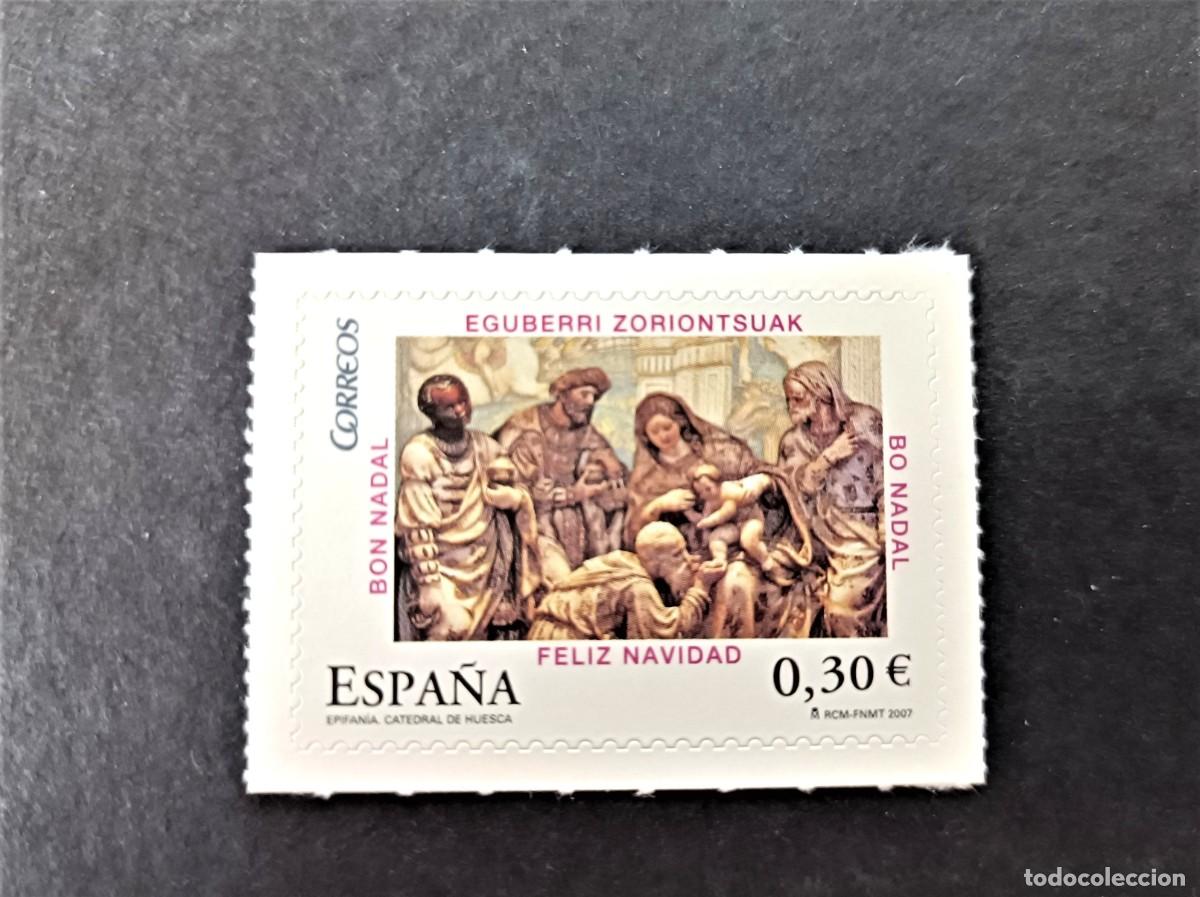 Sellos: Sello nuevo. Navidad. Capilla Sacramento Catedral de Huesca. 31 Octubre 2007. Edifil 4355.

•••••

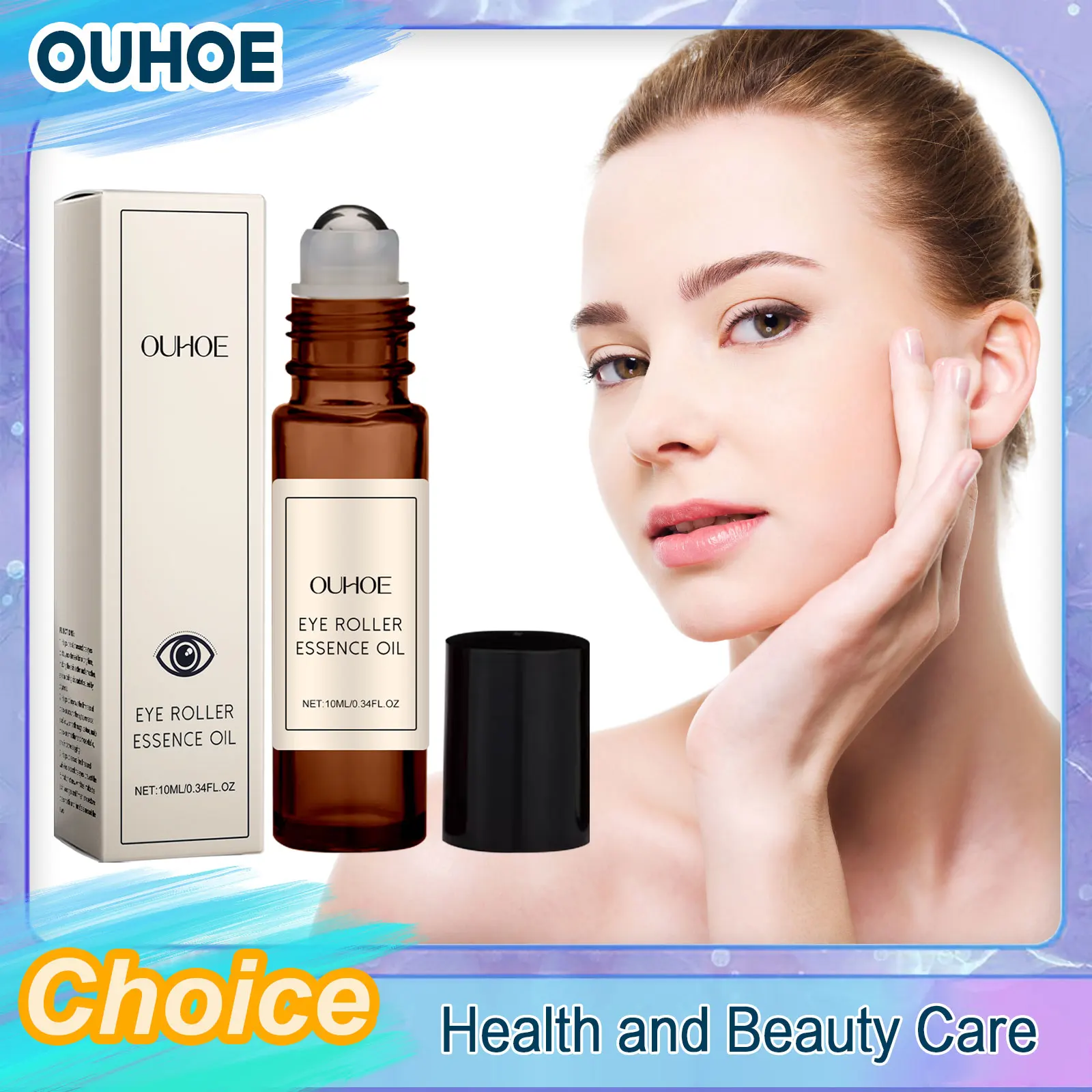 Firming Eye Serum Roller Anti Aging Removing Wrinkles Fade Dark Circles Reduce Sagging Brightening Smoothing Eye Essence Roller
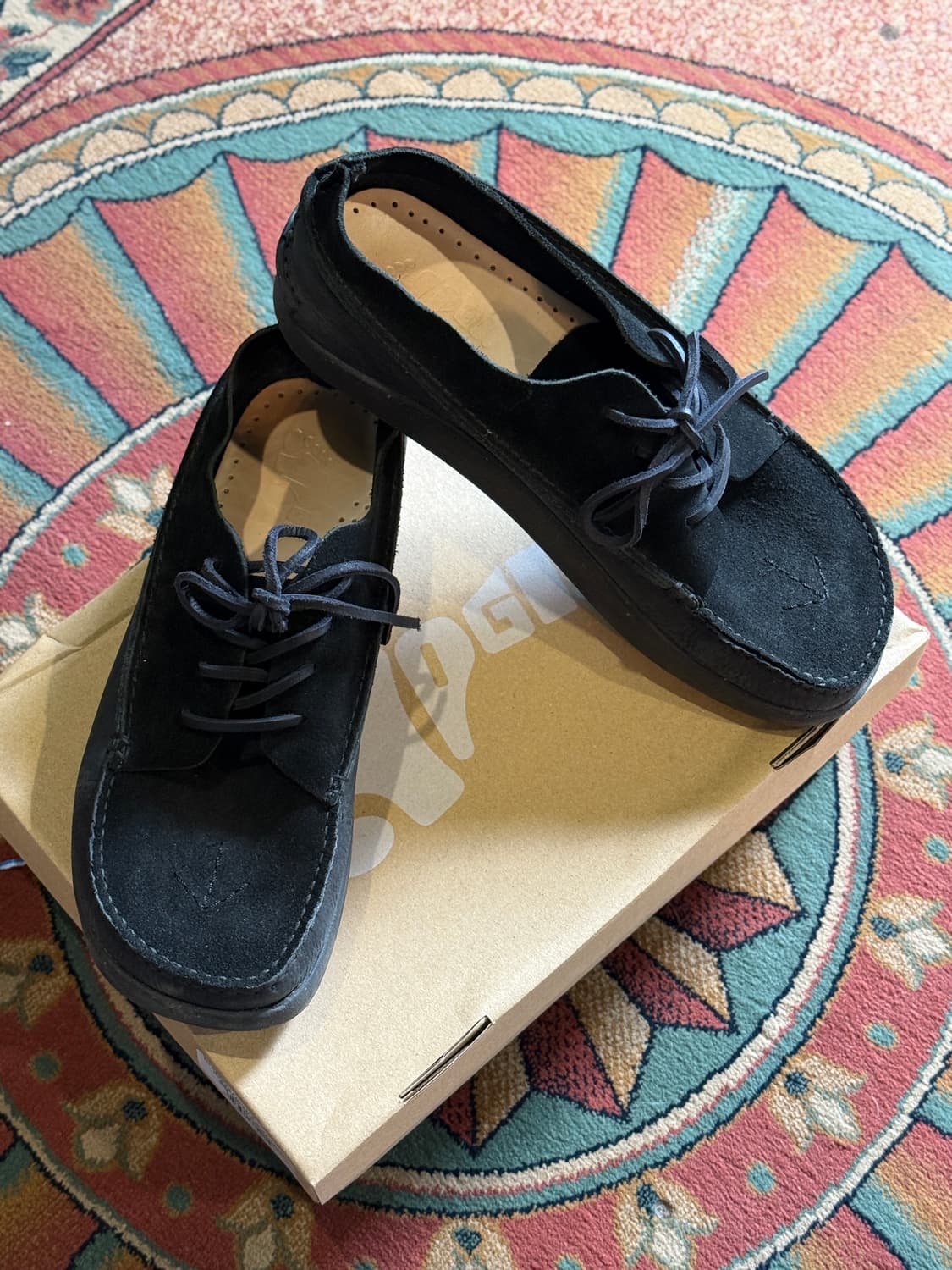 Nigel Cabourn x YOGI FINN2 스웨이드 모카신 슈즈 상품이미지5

•••••

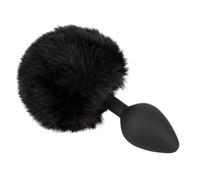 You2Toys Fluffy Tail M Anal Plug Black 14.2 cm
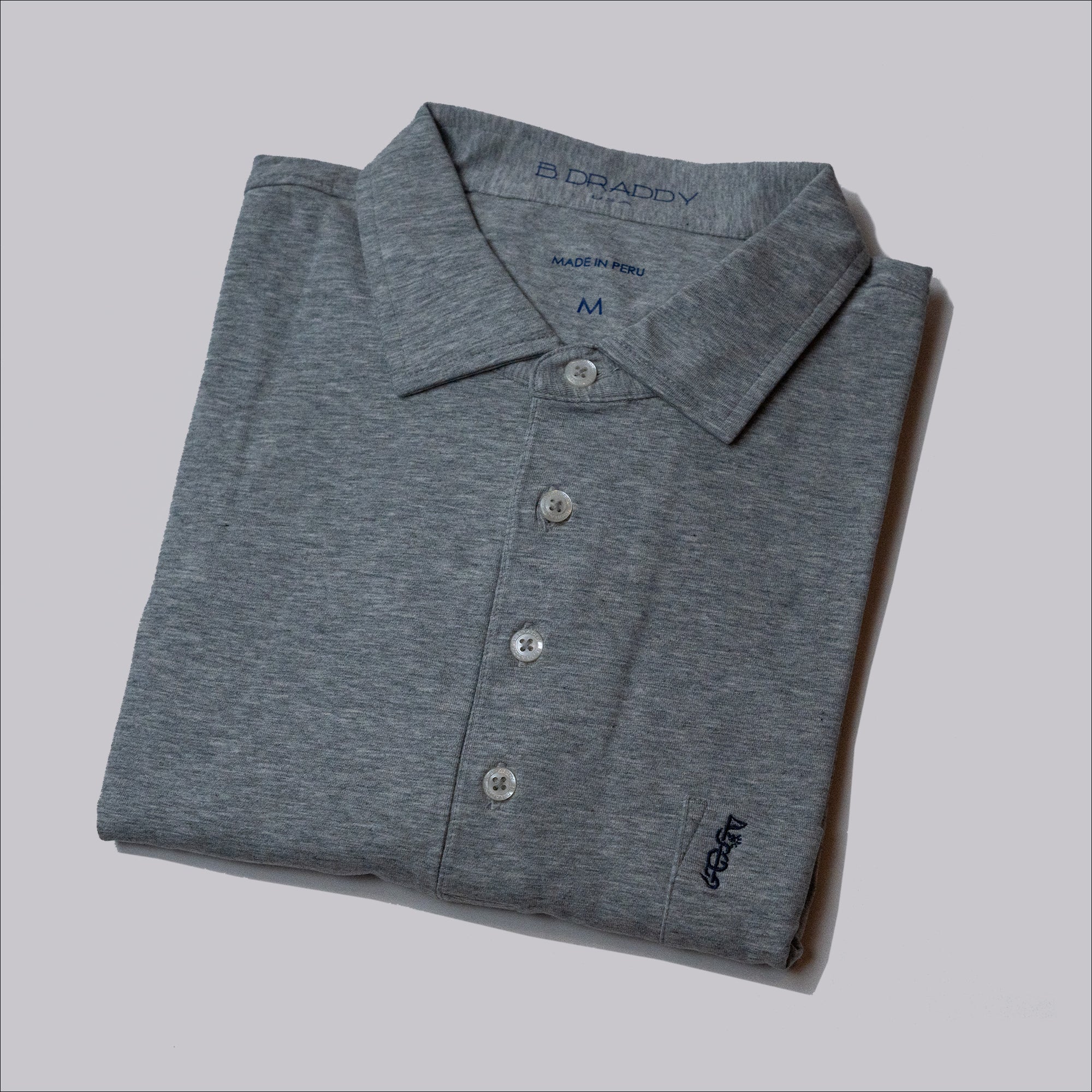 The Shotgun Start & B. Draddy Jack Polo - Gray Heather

•••••

ACTIVITY: Write out again exactly the lines above from the one with "Firming Eye Serum" through the one with "Nigel Cabourn x", adding no other lines and no pictures.

RESPONSE AREA:
 Firming Eye Serum Roller Anti Aging Removing Wrinkles Fade Dark Circles Reduce Sagging Brightening Smoothing Eye Essence Roller
 Nigel Cabourn x YOGI FINN2 스웨이드 모카신 슈즈 상품이미지5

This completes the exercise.